I'm not sure that winding a rope round the spinner would give sufficient leverage for manual starting, but the rope trick is easy when you know how. The method was well known from WW1 and used when the Huck vehicle-mounted starter was not available.

In winter 1939/40 my father was serving with 142 Sqn at Berry-au-Bac, France, in temperatures below -10C. With the squadron on readiness, the Merlin engines in their Fairey Battles had to be run every hour to prevent the oil from solidifying. Starting was by trolley-acc, a bank of batteries on a small handcart, charged by a small generator which could not keep up with so many starts. The engine was primed and pulled through nine blades by hand to suck the mixture into the cylinders, then a rope lashed to a leather cap placed over the propellor tip. At the call “Three on the cap ... contact ... two-six, HEAVE” three airmen would pull the rope to turn the engine, the cap being thrown clear as the Merlin fired.

Maoraigh1
28th Feb 2017, 18:17
Thread drift. What was the origin of "two six"? I heard that phrase about 1960, from an old guy, at a gliding club, but the ex RAF WW2 aircrew never used it.

bingofuel
28th Feb 2017, 18:48
"Two, six, heave" is a phrase used to coordinate seamen's pulling. It derives from the orders used in firing shipboard cannons in the British Royal Navy. The team of six men had numbered roles. After loading, it was the task of the men numbered two and six to heave (in a coordinated fashion) the cannon out the gunport for firing, using simple effort for a light cannon or a tackle apiece for larger ones. Shanties not being countenanced in the Royal Navy, "two, six, heave" was pressed into service whenever seamen needed to pull in a coordinated fashion, such as braces and halyards

Sir Niall Dementia
28th Feb 2017, 19:44
Arthur Whitlock in his brilliant Memoirs Of An Airline Pilot described how to pull start a Dak and showed it in one of his stunning sketches.

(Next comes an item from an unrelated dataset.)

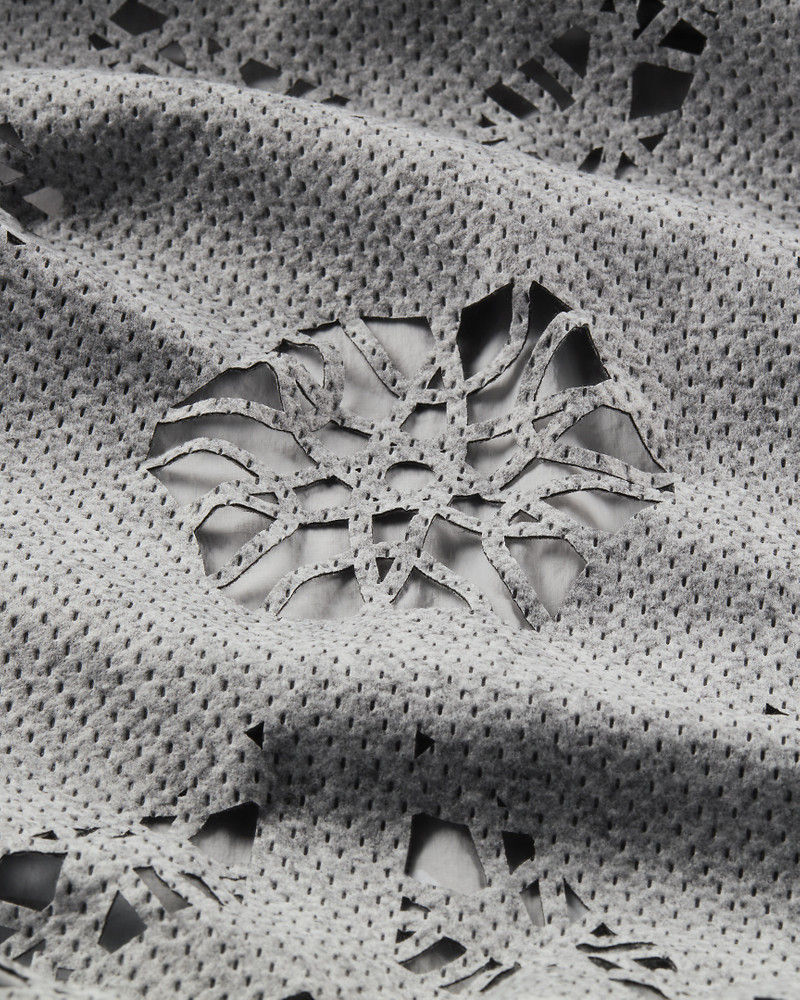 Nike ISPA Metamorph Poncho 14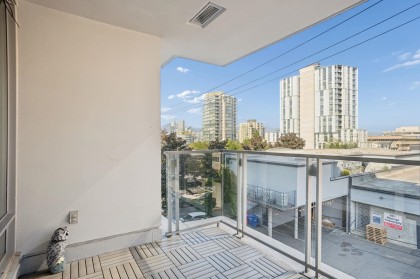 Photo 16 at 403 - 1530 W 8th Avenue, Fairview VW, Vancouver West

I loaned my copy to someone a few years ago and never got it back. It's out of print now, and I keep praying Amazon will have it some time.

SND

Pozidrive
28th Feb 2017, 20:11
https://s20.postimg.org/blo10zsj1/berryaubac12sqn.jpg

I'm not sure that winding a rope round the spinner would give sufficient leverage for manual starting, but the rope trick is easy when you know how. The method was well known from WW1 and used when the Huck vehicle-mounted starter was not available...

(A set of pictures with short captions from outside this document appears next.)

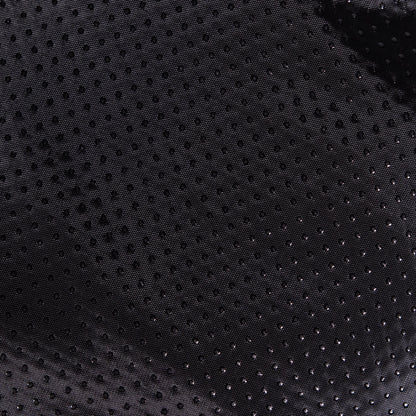 Close-up van zwarte stof met noppen, vermoedelijk de antislip onderkant
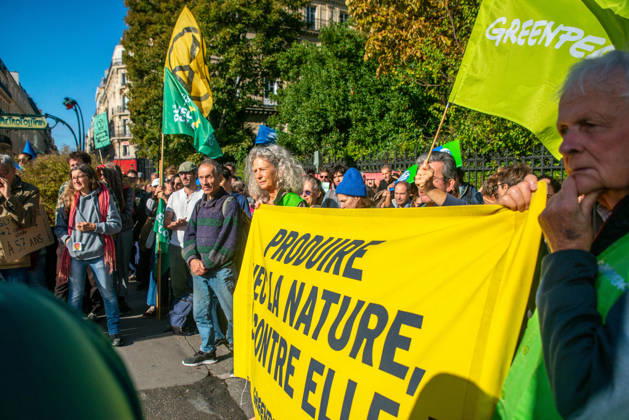 Environmental Activists Protest EU Pesticide Regulation - Paris Environmental organizations including Greenpeace, Cancer Colere, Collectif de soutien aux victimes des pesticides, Confédération paysanne, Avenir Sante Environnement and Medecins du Monde gather at Place de l Europe in Paris, France on October 10, 2026, to oppose the EU s proposed Omnibus X regulation that would extend pesticide approval durations, with activists warning the text would increase exposure to hazardous substances for humans, ecosystems, food and territories. Photo by ABACAPRESS.COM  Copyright: xPrezatxDenis ABACAx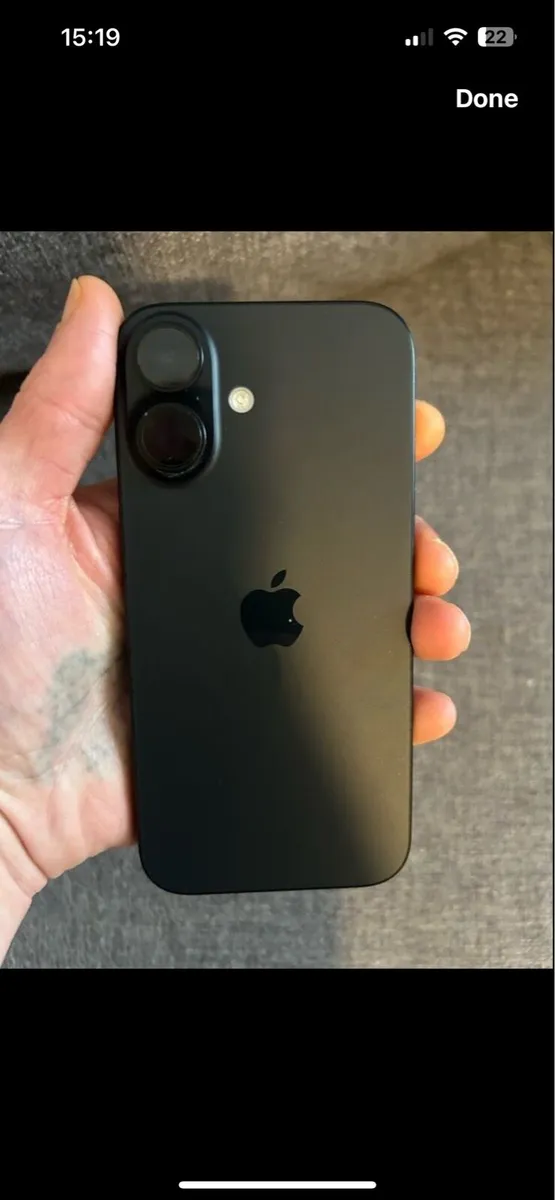 Iphone 16 unlocked128gb 98% battery - Image 3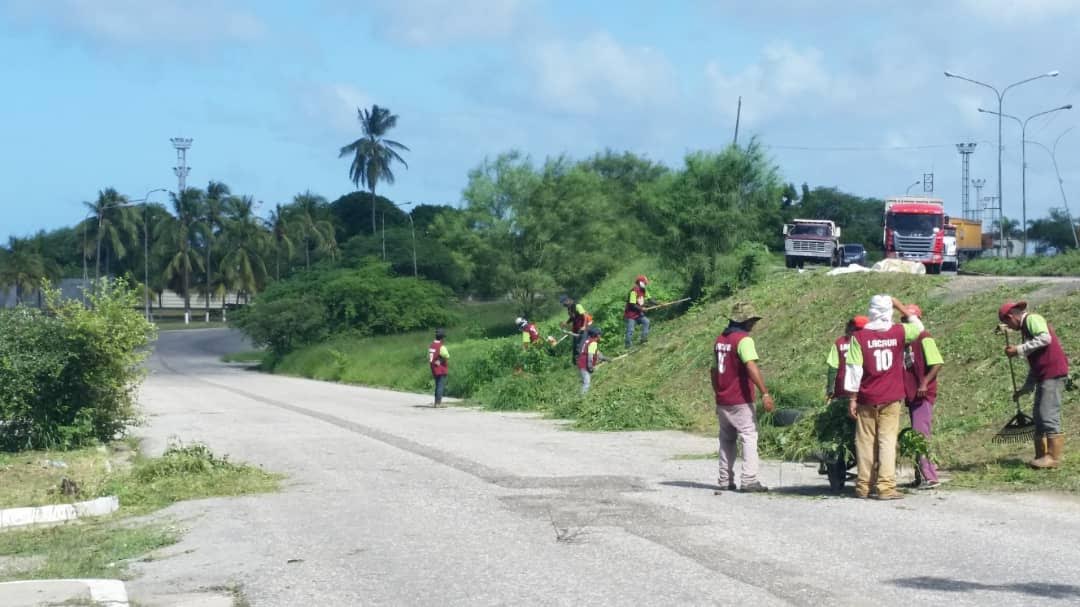 ACN- Inicia plan de limpieza en calles y avenidas de Puerto Cabello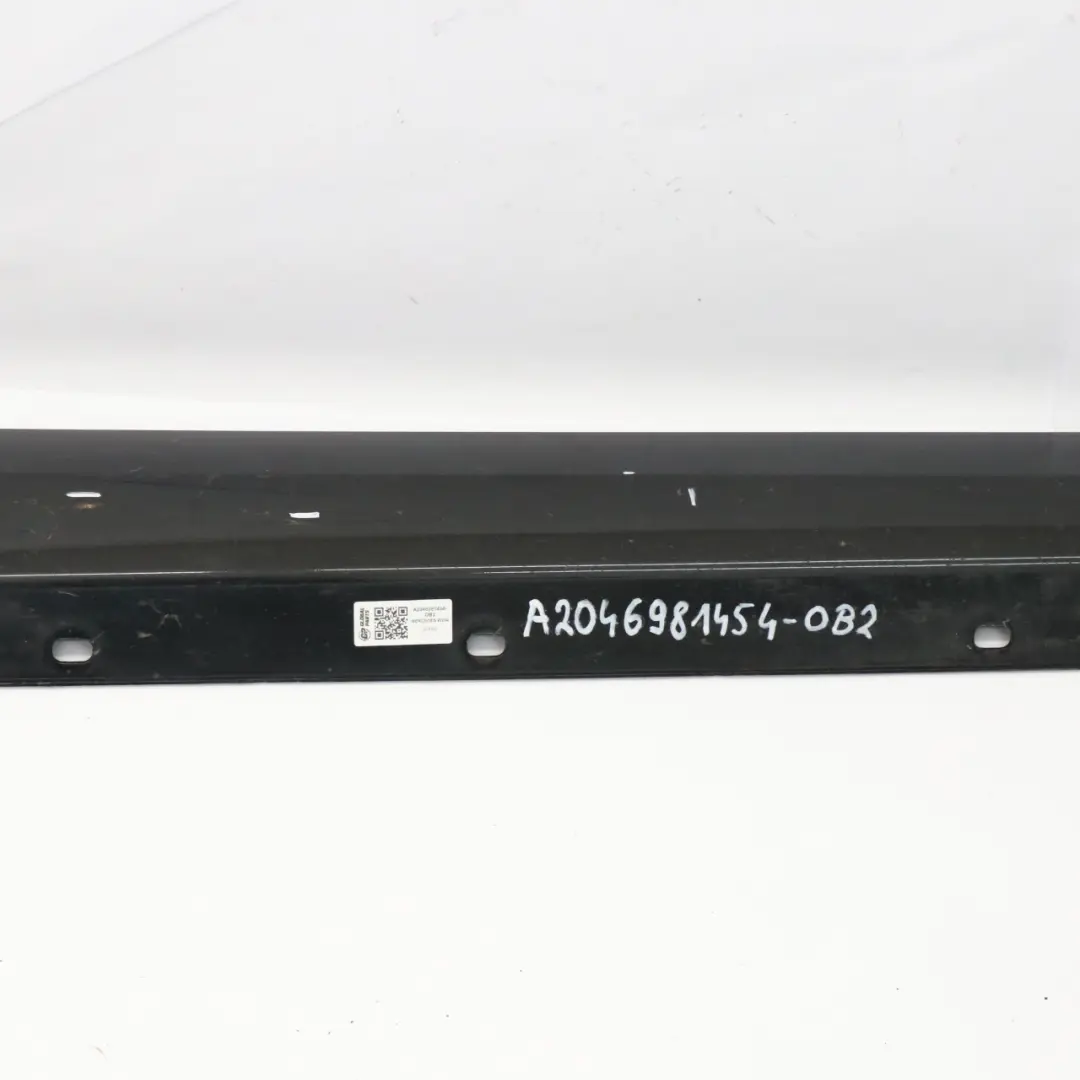 Mercedes W204 Faldón Lateral Tapa Umbral Puerta Derecha Negro Obsidiana - 197 - SKU A2046981454-OB2 - Número de pieza A2046981454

...or when the Huck starter wouldn't start?

blue up
1st Mar 2017, 07:36
I seem to recall a story about a Dak in North Africa at the end of WW2. With one engine dead it was decided to spin the one good engine up to start it running about the flat desert in a wide circle until it had enough speed to allow the equivalent of a V1 cut by locking the tailwheel so that it ran straight. Probably a load of borelocks but quite a good story.

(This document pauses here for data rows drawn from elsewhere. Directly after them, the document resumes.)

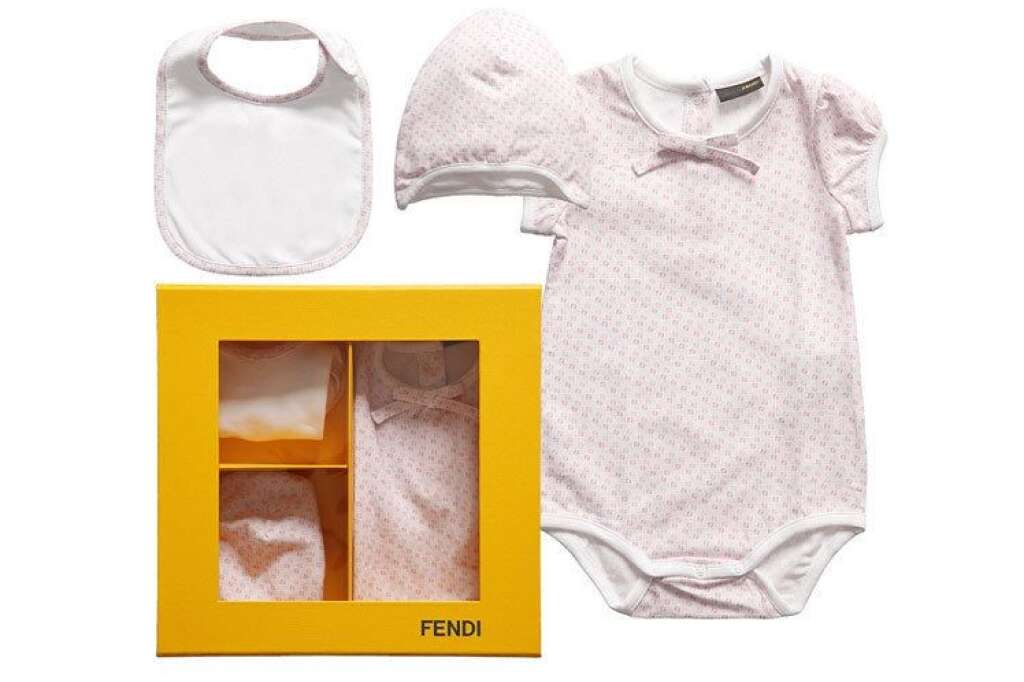Un kit Fendi Bébé - La boutique <em>Bel Bambini</em> de Beverly Hills a envoyé un kit pour bébé au couple royal. Il contient notamment un set Fendi à 265 dollars, une poussette Bugaboo à 978 dollars et des bottines Dior à 275 dollars.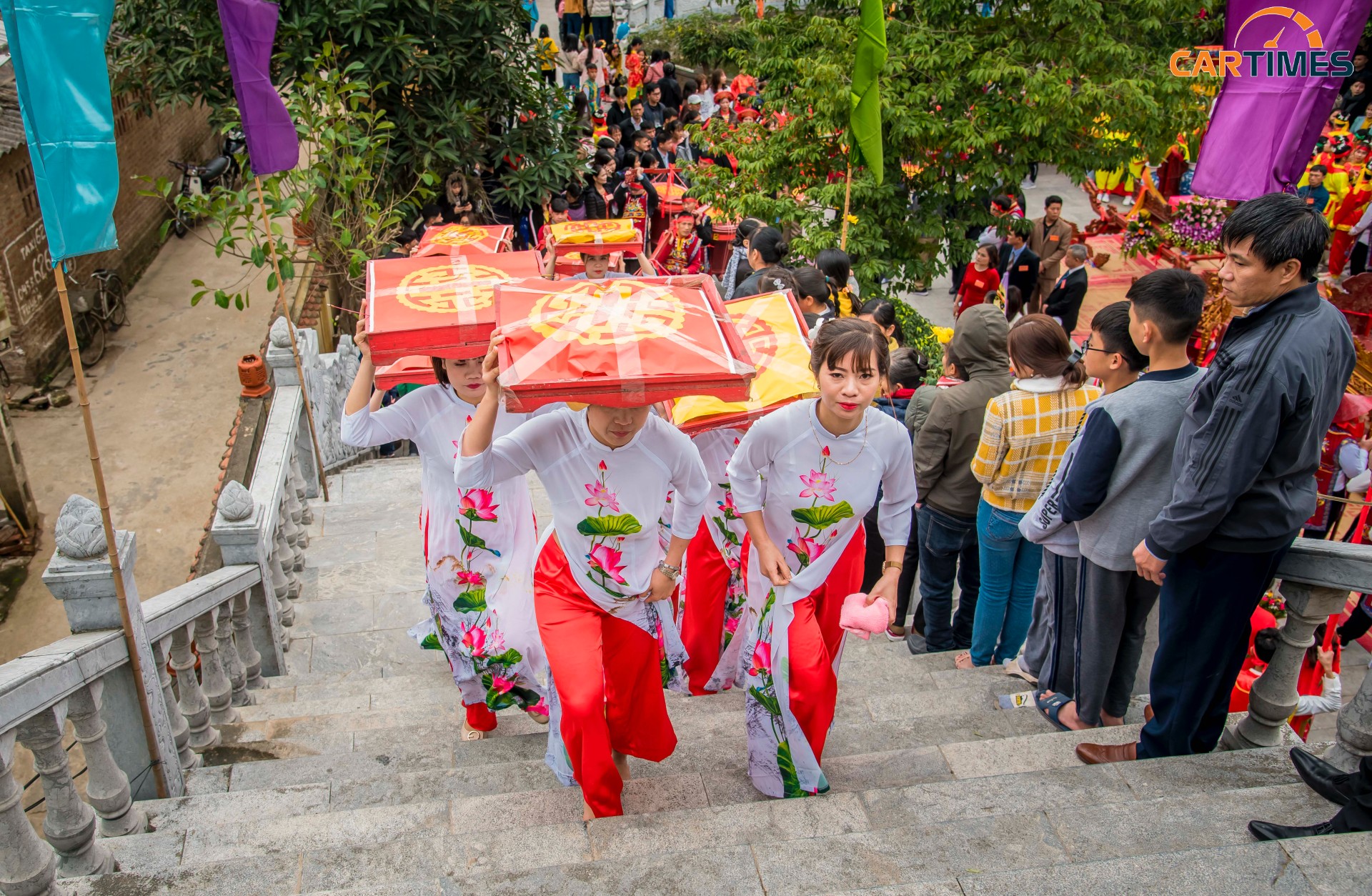 Đội dâng bánh dày lên chùa Già Lê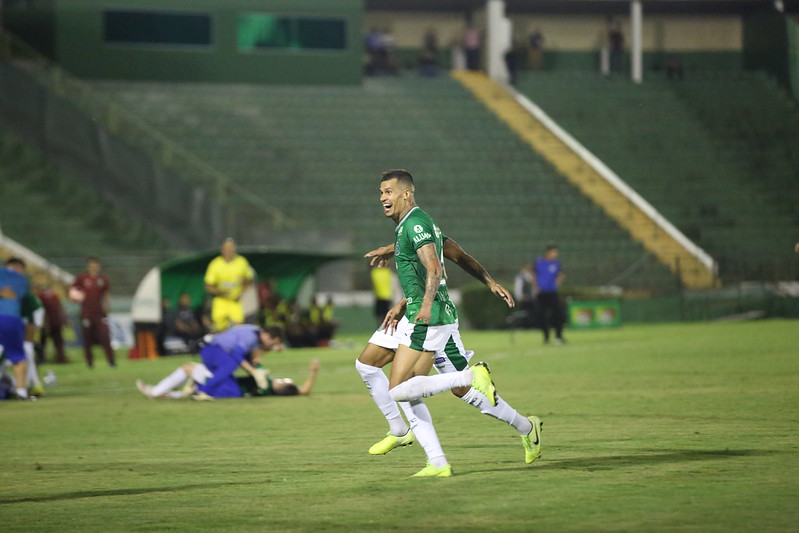 Decisivo no dérbi, Thallyson marca após quase quatro anos e fica em alta no Guarani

The other tale is from Ron Webster (who designed and built his own radial engines in his shed) was that he used to struggle to hand-prop the 7-cyl engine so he would whip out 3 plugs and spin it over just firing on the other 4 until the engine was warm enough to start more easily. Lateral thinking?

Heathrow Harry
1st Mar 2017, 08:58
Somewhere there 's a picture of a whole bunch of passengers pulling a long line round a ?KLM? DC-3 engine somewhere in the Dutch East Indies in the '40's

there's also a painting of passengers hand starting the "Blue Bonnet Belle" somewhere very cold

https://www.magnoliabox.com/products/crew-hand-starting-the-port-engine-of-the-dc-3-bluebonnet-belle-trf100004m

Fantome
1st Mar 2017, 09:24
Nice, that nine years on Chuck's original brian teaser gets another airing. (Pace's description of an air start for a Beech 18 off a lake is an absolute ball-tearer.)

At the Avalon Airshow in -94 in Victoria near Melbourne there was a rope start done with a minimum of fuss. The Navy DAK from Nowra was there with the right engine's starter motor kaput. The late Jack Curtis who flew for Dakota National Air in Sydney was there too. There was nothing old Jack did not know about the ins and outs of radials . (He was on Wellingtons in the Second World War and then after the war flew DC-3s for TAA over many years. ) Jack saw the sailors were stuck so he went over and offered to help. With twenty yards of half inch white rope and a hefty little tarmac tug he got the old girl going first time.

Jack went to the great holding pattern in the sky a couple of years ago -

http://www.pprune.org/pacific-general-aviation-questions/554478-vale-captain-jack-curtis.html

First_Principal
2nd Mar 2017, 18:25
Arthur Whitlock in his brilliant Memoirs Of An Airline Pilot described how to pull start a Dak and showed it in one of his stunning sketches.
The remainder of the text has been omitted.